Development of a liquid chromatography/tandem mass spectrometry assay for the determination of bestatin in rat plasma and its application to a pharmacokinetic study

Bestatin is a low molecular weight aminopeptidase inhibitor originally isolated from culture filtrates of Streptomyces olivoreticuli. We have developed a sensitive, specific liquid chromatography–tandem mass spectrometry (LC–MS/MS) for the quantitative determination of bestatin in rat plasma using granisetron as the internal standard. The analyte and internal standard were isolated from 50 μL plasma samples by solid phase extraction (SPE). Reverse-phase HPLC separation was accomplished on a Lichrospher C18 column (4.6 mm × 50 mm, 5 μm) with a mobile phase composed of methanol–water–formic acid (70:30:0.5, v/v/v) at a flow rate of 0.8 mL/min. The method had a chromatographic total run time of 3 min.
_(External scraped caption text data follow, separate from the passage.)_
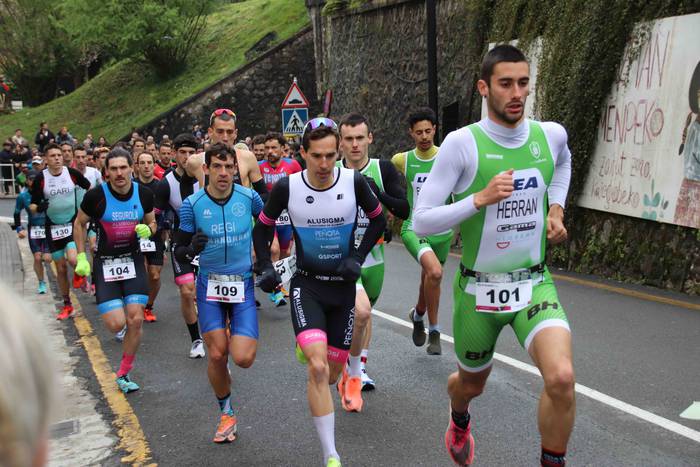 Zizurkilgo I. Duatloia 29 1648997051405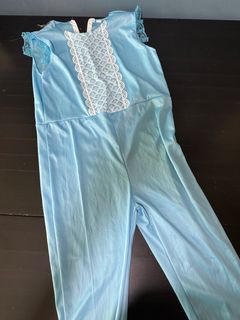 （分類：）位於 。 由 greenie_v 提交（商品編號 1436489577，圖片 1）。簡介： 。
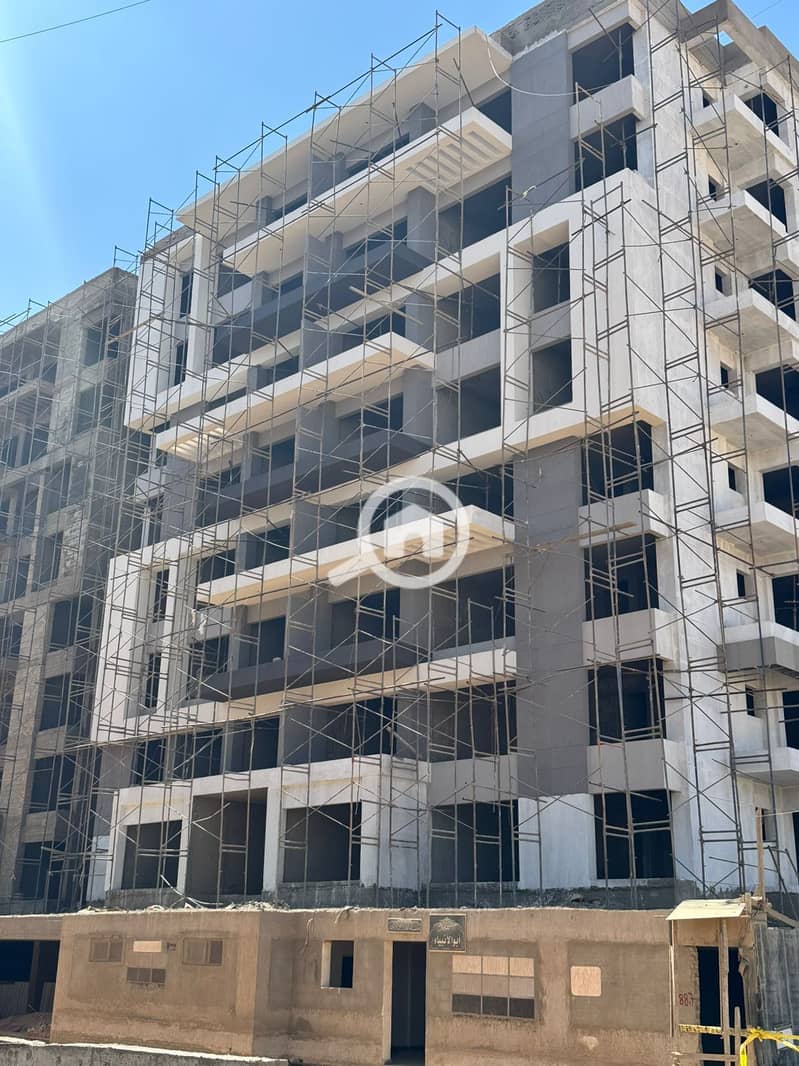 6 WhatsApp Image 2026-01-13 at 7.28. 58 PM (2). jpeg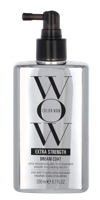 Color WOW Dream Coat - Extra Strenght 200 ml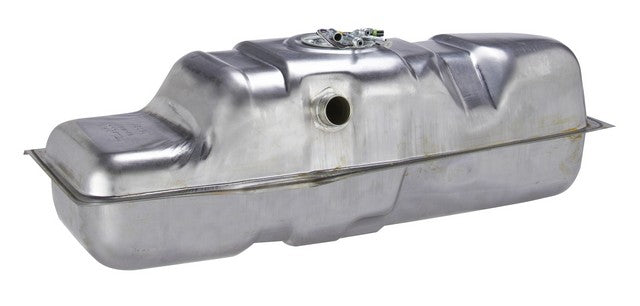 Spectra Premium Fuel Tank and Pump Assembly Combination  GM16B3FA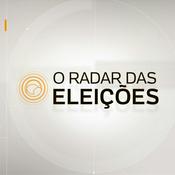 Podcast O Radar das Eleições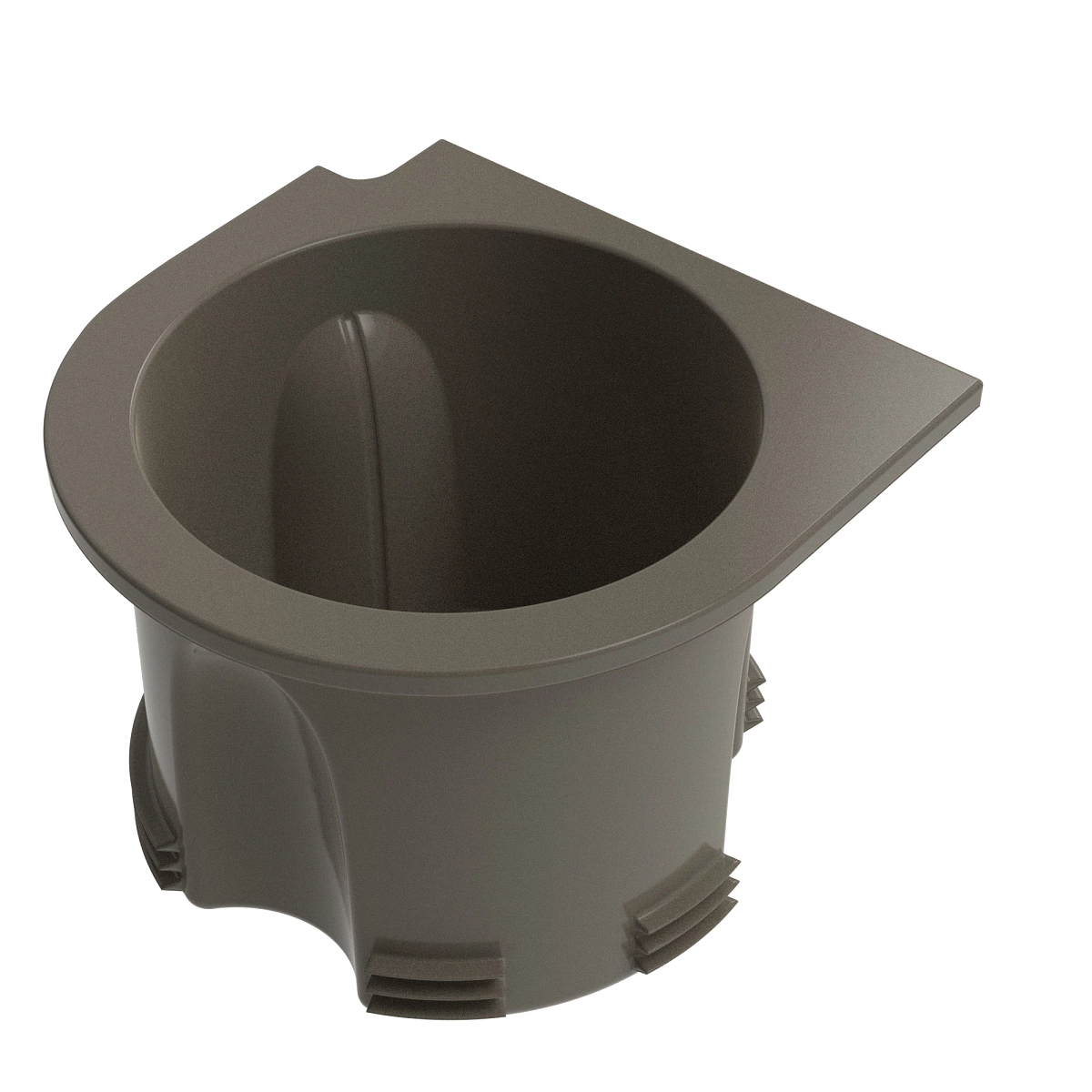 John Deere Cup Holder - TR133084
A Varian 1200L electrospray tandem mass spectrometer equipped with an electrospray ionization source was operated in selected reaction monitoring (SRM) mode with the precursor-to-product ion transitions m/z 309.2 → 120.0 (bestatin) and 313.4 → 138.0 (granisetron) used for quantitation. The method was sensitive with a lower limit of quantitation (LLOQ) of 5 ng/mL, with good linearity (r2 ≥ 0.999) over the linear range of 5–2000 ng/mL. All the validation data, such as accuracy, precision, and inter-day repeatability, were within the required limits. The method was successfully applied to pharmacokinetic study of bestatin in rats.